My reflection time normally happens when I do my ironing. My me time, listening to some tracks and deep in thought and guess what... I have just finished 3 hours worth of ironing which has given me loads of time to look back.
This week I was asked a question about where I was 3 years ago.
I really hadn’t given it a whole lot of thought because I’m just moving forward, so as I had the time here is my reply to this question.
Where were you 3 years ago?
3 years ago I was homeless, you heard me right yes... homeless.
And in those 3 years I’ve had such a crazy time, especially when you look back.
My life had been turned on it’s head, I relocated starting from zero. For me I felt like I was being reborn.
I know some people would find a time like that as feeling lost and lonely but I cherished having an opportunity to be looked after and I couldn’t have been luckier than to have found two such loving people to have taken me in, nurtured my spirit and soul and treated me as their own.

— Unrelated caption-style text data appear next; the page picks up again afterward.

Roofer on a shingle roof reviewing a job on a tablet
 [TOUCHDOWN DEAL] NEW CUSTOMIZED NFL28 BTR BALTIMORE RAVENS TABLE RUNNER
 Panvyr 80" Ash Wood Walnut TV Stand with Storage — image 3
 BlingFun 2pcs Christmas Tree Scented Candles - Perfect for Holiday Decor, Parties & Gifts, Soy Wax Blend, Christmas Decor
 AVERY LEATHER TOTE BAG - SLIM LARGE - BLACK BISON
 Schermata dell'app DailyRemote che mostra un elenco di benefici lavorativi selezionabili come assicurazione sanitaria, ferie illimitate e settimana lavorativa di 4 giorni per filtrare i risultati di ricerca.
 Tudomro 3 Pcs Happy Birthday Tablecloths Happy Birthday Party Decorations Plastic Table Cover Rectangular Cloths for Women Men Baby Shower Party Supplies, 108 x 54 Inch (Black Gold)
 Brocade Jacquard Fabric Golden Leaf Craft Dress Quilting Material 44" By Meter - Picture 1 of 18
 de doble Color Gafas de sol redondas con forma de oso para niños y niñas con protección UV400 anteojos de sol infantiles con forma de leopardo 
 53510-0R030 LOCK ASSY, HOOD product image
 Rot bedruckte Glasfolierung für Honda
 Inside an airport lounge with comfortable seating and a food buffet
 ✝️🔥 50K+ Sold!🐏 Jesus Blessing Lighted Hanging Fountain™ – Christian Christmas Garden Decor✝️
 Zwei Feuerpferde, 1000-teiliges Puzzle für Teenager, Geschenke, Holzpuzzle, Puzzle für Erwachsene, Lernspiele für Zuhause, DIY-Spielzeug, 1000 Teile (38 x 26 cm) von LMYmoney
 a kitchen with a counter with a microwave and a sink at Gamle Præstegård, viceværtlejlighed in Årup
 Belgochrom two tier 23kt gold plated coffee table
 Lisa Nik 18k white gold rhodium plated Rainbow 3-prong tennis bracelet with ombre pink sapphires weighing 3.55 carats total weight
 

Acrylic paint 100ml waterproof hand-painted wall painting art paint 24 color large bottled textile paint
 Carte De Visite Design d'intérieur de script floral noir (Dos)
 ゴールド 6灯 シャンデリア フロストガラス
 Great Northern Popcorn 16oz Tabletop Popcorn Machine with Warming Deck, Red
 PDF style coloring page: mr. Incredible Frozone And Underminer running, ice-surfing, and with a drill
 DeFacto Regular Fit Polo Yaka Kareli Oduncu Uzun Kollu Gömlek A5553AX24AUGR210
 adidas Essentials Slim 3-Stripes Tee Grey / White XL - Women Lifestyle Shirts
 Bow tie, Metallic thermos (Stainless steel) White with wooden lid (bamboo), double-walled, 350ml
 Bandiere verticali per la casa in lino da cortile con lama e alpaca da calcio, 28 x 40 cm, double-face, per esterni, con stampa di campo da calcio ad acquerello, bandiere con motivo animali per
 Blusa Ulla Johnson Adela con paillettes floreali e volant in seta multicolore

This loving environment gave me hope, inspiration and energy. This enabled me to recharge, grow, experience life through a child’s eyes. In turn this reignited my creativity, ambitions, drive and made me feel all my dreams could come true. Again much like a child.
So I guess 3 years down the line my journey has been both exciting, rewarding and has seen so many of those hopes and dreams come true.
So being involved in television productions, seeing my brand Jay & Co grow and elevate, loving the furniture I have been lucky enough to work on. Meet so many new people in my work and private life that have been a joy to be with. Having new and inspiring collaborations. Being able to give back and help, mentor and nourish those less fortunate than myself.
So this time has been emotional, uplifting, amazing and fulfilling. I really believe life’s lows or testing times makes me fully appreciate the highs and successes. It’s never been about patting myself on the back because I haven’t achieved all the hopes and dreams just yet. There is plenty more to come from me but I guess it’s good to realise where you have been, are now and will be in the future.